В общем плане этой книги главы II-III, посвященные семи церквам, имеют лишь эпизодическое значение, они суть так сказать, адресаты, чрез которые посылается всему христианскому миру это дивное послание, раскрывающее судьбы мира в его истории. Заслуживает внимания, что обращение ко всем семи Церквам непосредственно делается к ангелам их. Оно может относиться как к небесным их хранителям — ангелам, которые присущи поместным церквам, [17] так и к земным предстоятелям — епископам. Возможно и то и другое понимание (однако второе возбуждает и некоторое сомнение в отношении к всеобщности в эту эпоху епископата, определенно свидетельствуемого в истории лишь со II века, т. е. позже составления Откровения).

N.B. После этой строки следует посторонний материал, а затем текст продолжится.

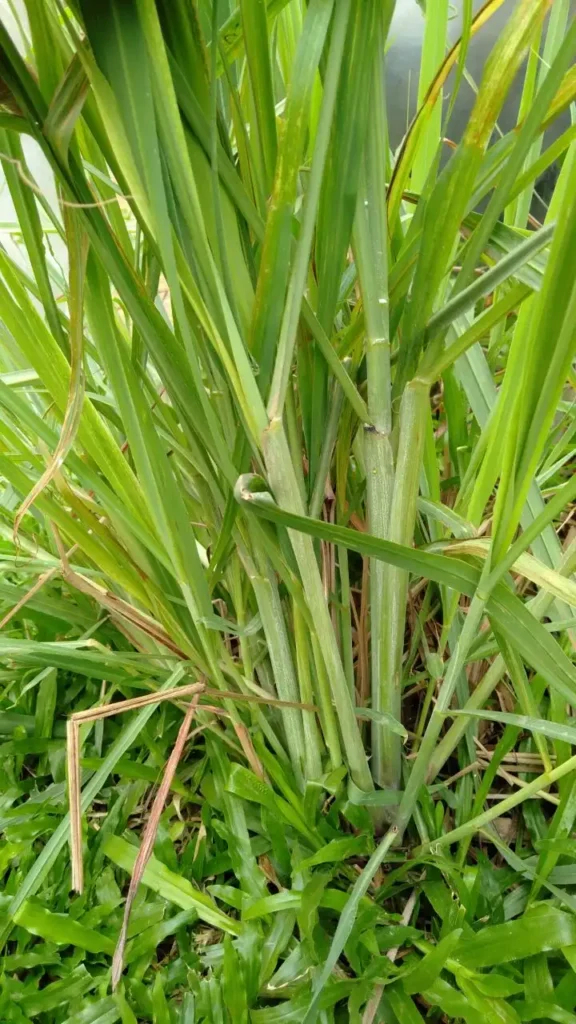 Fresh lemongrass plant growing in the Herbal Kulen botanical garden in Cambodia.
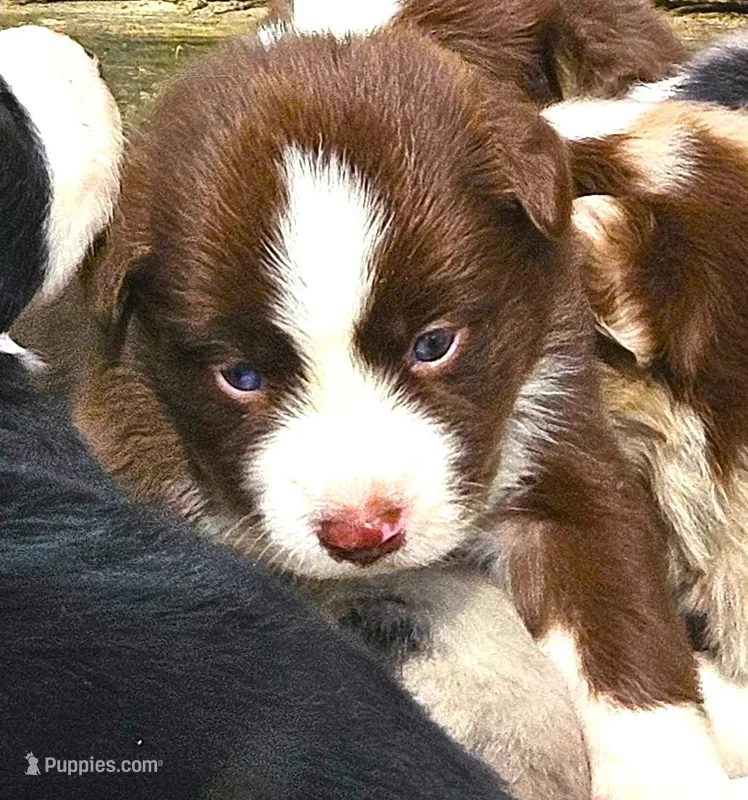 Ginger – Australian Shepherd puppy for sale in Clarksville, VA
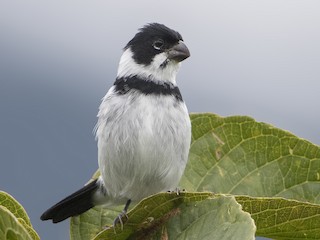  - Variable Seedeater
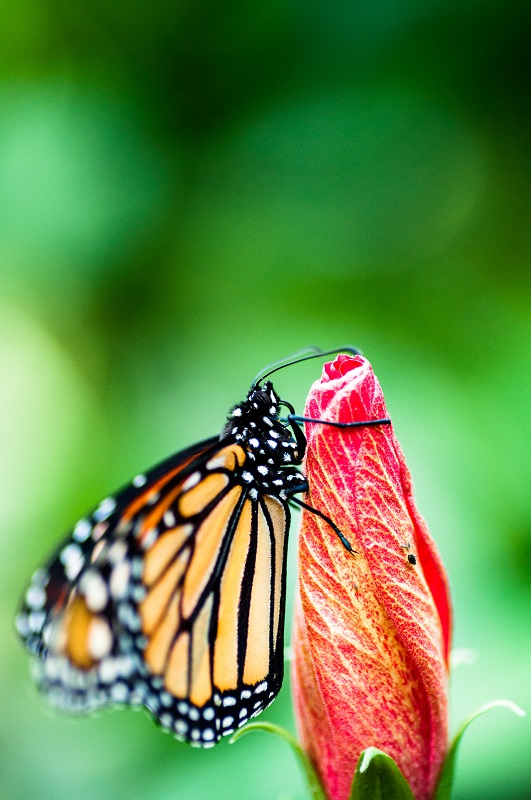 Danaus plexippus - Monarque.jpg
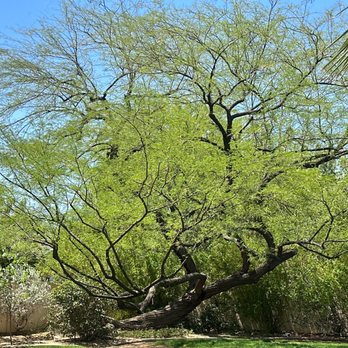 Branch Management Tree Service - Trimmed mesquite - Tree Services Near Me - Scottsdale, Arizona Branch Management Tree Service - Trimmed mesquite - Tree Services Near Me - Scottsdale, Arizona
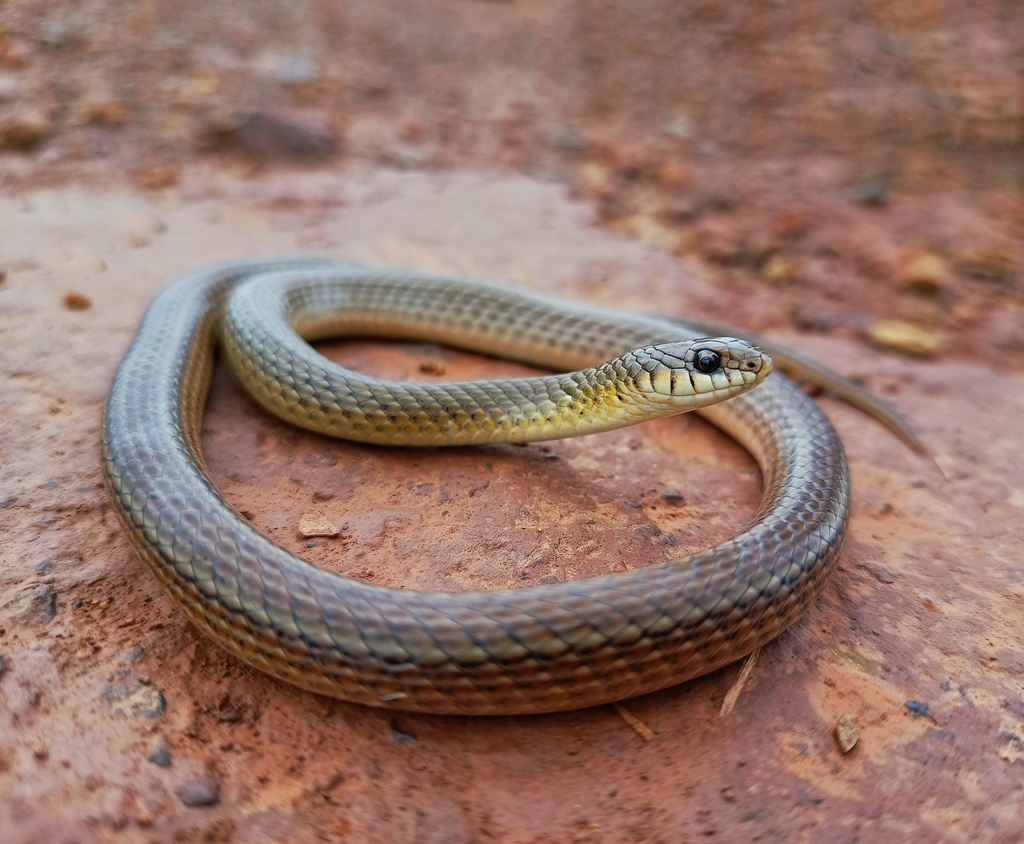 Scorpion Snake from Localização: -20,186794, -43,948190 on November 9 ...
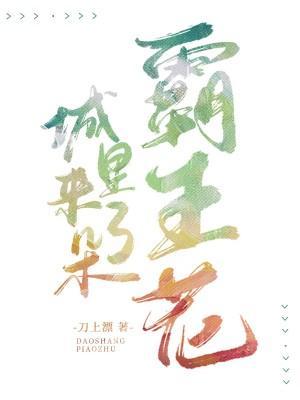 城裏来了朵霸王花封面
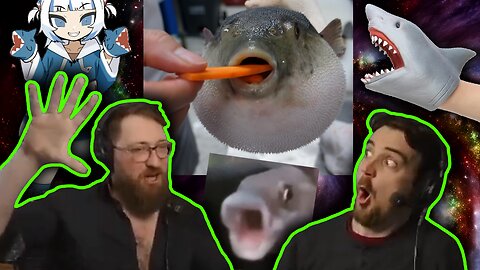 Which Fish On Your Fish Hands? - Tom and Ben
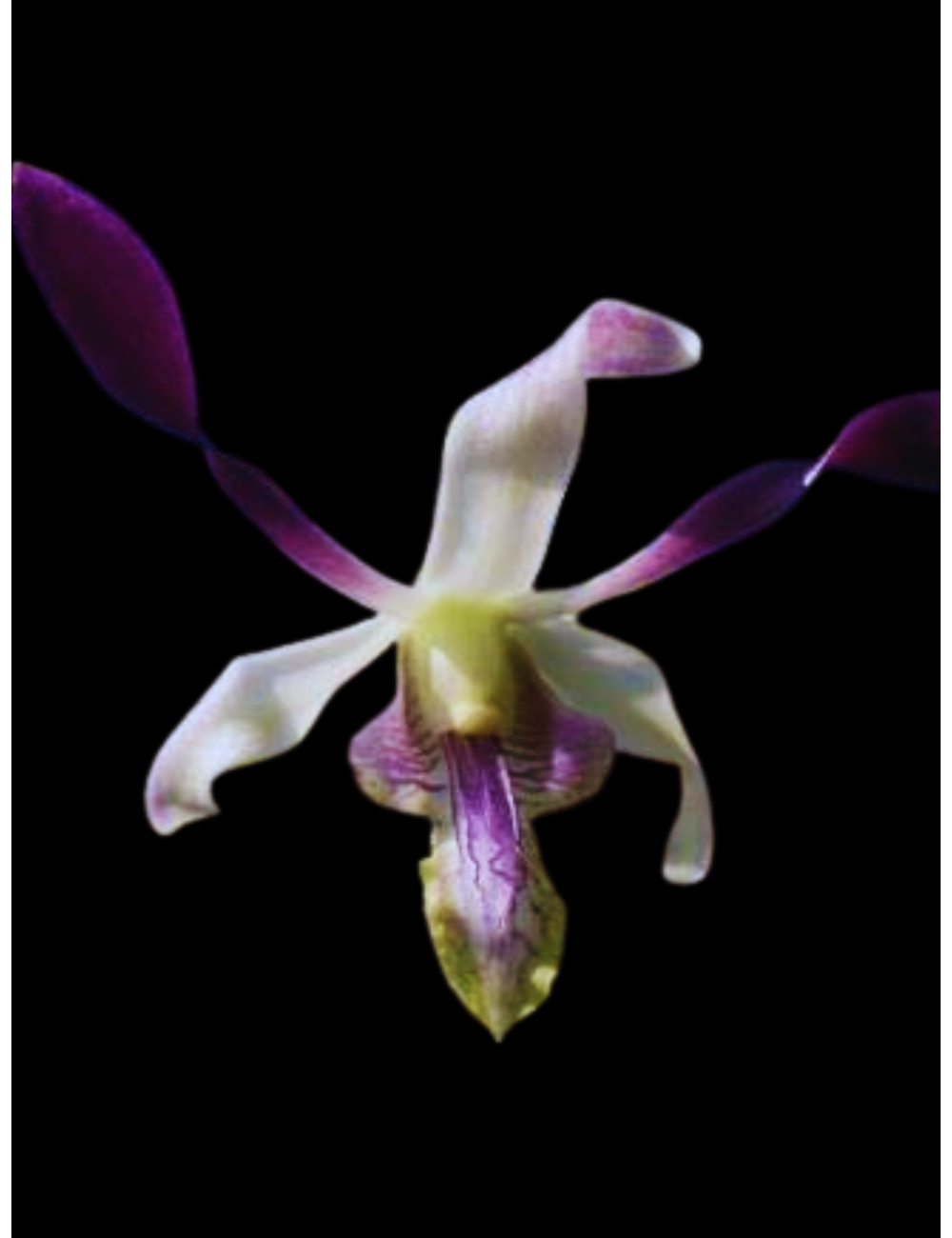 Dendrobium gouldii Blue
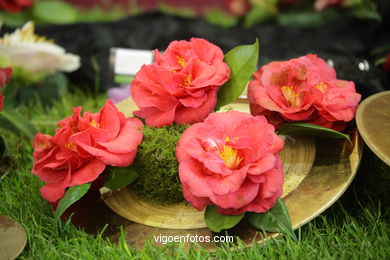 Camellia exhibition 2008. 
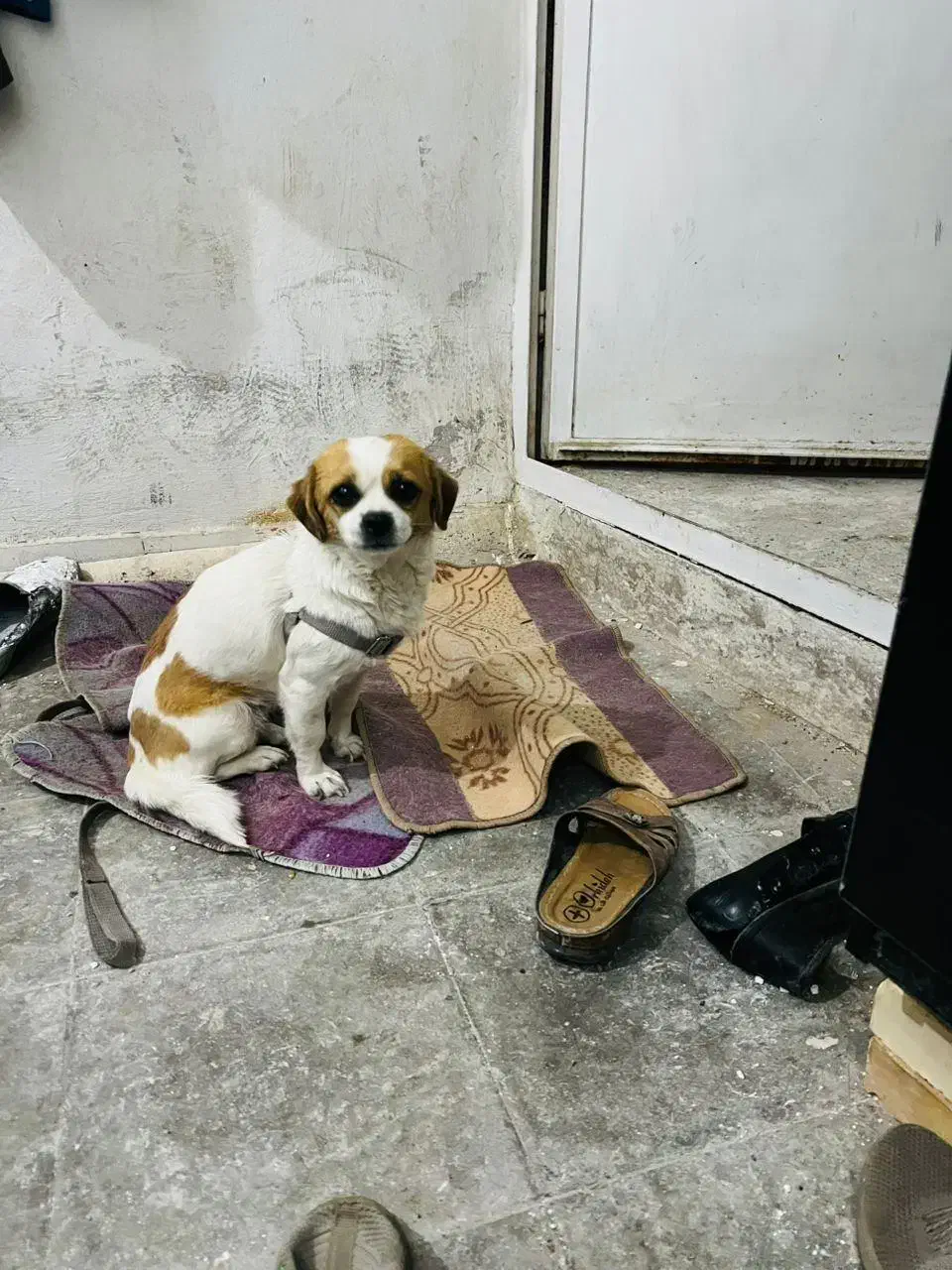 سگ سیتزو|سگ|زرند, |دیوار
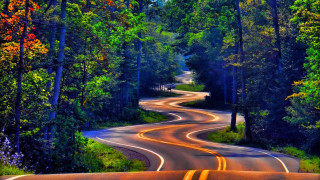 Psychedelic curved road trees night - a yellow line free wallpaper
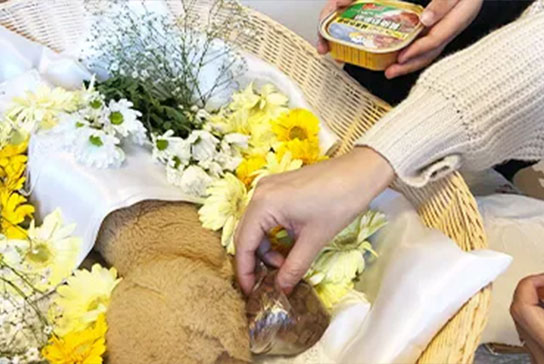 ご家族立ち会いのもとペットちゃんを個別で火葬いたします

Ангелу Ефесской церкви ублажаются ее дела и труд «для имени» Христова, но наиболее терпение (II, 2-3), притом не только пассивное, состоящее в перенесении «многого», но и активное, выражающееся в различении истинного апостольства от ложных на него притязаний, — и не изнемогающая борьба за истину и труд ради нее. Однако с этим — несколько неожиданно — соединяется и укор в оставлении «первой любви своей» (4). Разумеется ли здесь вообще первое вдохновение любви как высокий дар, который присущ был первенствующей церкви, но ею, однако, постепенно утрачиваемый, хотя и в трудах и борьбе за истину, или этот укор относится, в каком-либо особом смысле, ко всей церкви Ефесской, или же к личным судьбам отдельных ее членов, все равно — виновные призываются к покаянию в утрате дара единственного, незаменимого. Однако наряду с этим вменяется в заслугу Ефесской церкви еще ее противостояние, «ненависть» делам: Николаитов (каковы бы они ни были), т. е. отдельным конкретным искушениям чувственности и греха. Такое духовное состояние «побеждающего» вознаграждается вкушением от древа жизни, стоящего посреди рая Божия (Быт. II, 9), т. е. силой особой жизненности, присущей человеку, по сотворении его поддерживающей (не разумеется ли в этом вкушении от райского плода, очевидно, духовного, благодать, преподаваемая в таинствах Церкви, в частности же. Божественная Евхаристия?). Это обетование говорится Христом, держащим семь звезд, ходящим посреди семи золотых светильников, т. е. нарочито свидетельствуется Его духоносность, которая выражается в обладании и посылании семи даров Духа Св. Утешителя, следовательно, свидетельствуется благодатная природа Церкви Христовой. Сам тайнозритель и как составитель четвертого Евангелия, наиболее духовного, связывается преданием с именем Ефеса, который и называется в этом первом обращении к семи церквам.